Parameters of H2OWord2Vec¶
Affected Class¶
ai.h2o.sparkling.ml.features.H2OWord2Vec
Parameters¶
Each parameter has also a corresponding getter and setter method. (E.g.:
label
->getLabel()
,setLabel(...)
)
- outputCol
Output column name
Default value:
"H2OWord2Vec_6b94e5462605__output"
Also available on the trained model.
- columnsToCategorical
List of columns to convert to categorical before modelling
Scala default value:
Array()
; Python default value:[]
- convertInvalidNumbersToNa
If set to ‘true’, the model converts invalid numbers to NA during making predictions.
Scala default value:
false
; Python default value:False
Also available on the trained model.
- convertUnknownCategoricalLevelsToNa
If set to ‘true’, the model converts unknown categorical levels to NA during making predictions.
Scala default value:
false
; Python default value:False
Also available on the trained model.
- dataFrameSerializer
A full name of a serializer used for serialization and deserialization of Spark DataFrames to a JSON value within NullableDataFrameParam.
Default value:
"ai.h2o.sparkling.utils.JSONDataFrameSerializer"

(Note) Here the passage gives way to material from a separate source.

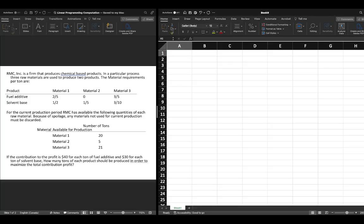In this video we're going to explore a linear programming solution and how to interpret the sensitivity report. We've done this problem before in previous videos, so you can go back and reference that two decision variable maximization problem. We're going to work through the creation of the Excel sheet relatively expediently and spend the bulk of our time focusing on the sensitivity report.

Also available on the trained model.
- epochs
Number of training iterations to run.
Default value:
5
Also available on the trained model.
- exportCheckpointsDir
Automatically export generated models to this directory.
Scala default value:
null
; Python default value:None
Also available on the trained model.
- initLearningRate
Set the starting learning rate.
Scala default value:
0.025f
; Python default value:0.025
Also available on the trained model.
- inputCol
Input column name
Default value:
"No default value"
Also available on the trained model.
- keepBinaryModels
If set to true, all binary models created during execution of the
fit
method will be kept in DKV of H2O-3 cluster.Scala default value:
false
; Python default value:False
- maxRuntimeSecs
Maximum allowed runtime in seconds for model training. Use 0 to disable.
Default value:
0.0
Also available on the trained model.
- minWordFreq
This will discard words that appear less than <int> times.
Default value:
5
Also available on the trained model.
- modelId
Destination id for this model; auto-generated if not specified.
Scala default value:
null
; Python default value:None
- normModel
Use Hierarchical Softmax. Possible values are
"HSM"
.Default value:
"HSM"
Also available on the trained model.
- sentSampleRate
- Set threshold for occurrence of words. Those that appear with higher frequency in the training data
will be randomly down-sampled; useful range is (0, 1e-5).
Scala default value:
0.001f
; Python default value:0.001
Also available on the trained model.
- splitRatio
Accepts values in range [0, 1.0] which determine how large part of dataset is used for training and for validation. For example, 0.8 -> 80% training 20% validation. This parameter is ignored when validationDataFrame is set.
Default value:
1.0
- validationDataFrame
A data frame dedicated for a validation of the trained model. If the parameters is not set,a validation frame created via the ‘splitRatio’ parameter. The parameter is not serializable!
Scala default value:
null
; Python default value:None
- vecSize
Set size of word vectors.
Default value:
100
Also available on the trained model.
- windowSize
Set max skip length between words.
Default value:
5
Also available on the trained model.
- wordModel
The word model to use (SkipGram or CBOW). Possible values are
"SkipGram"
,"CBOW"
.Default value:
"SkipGram"
Also available on the trained model.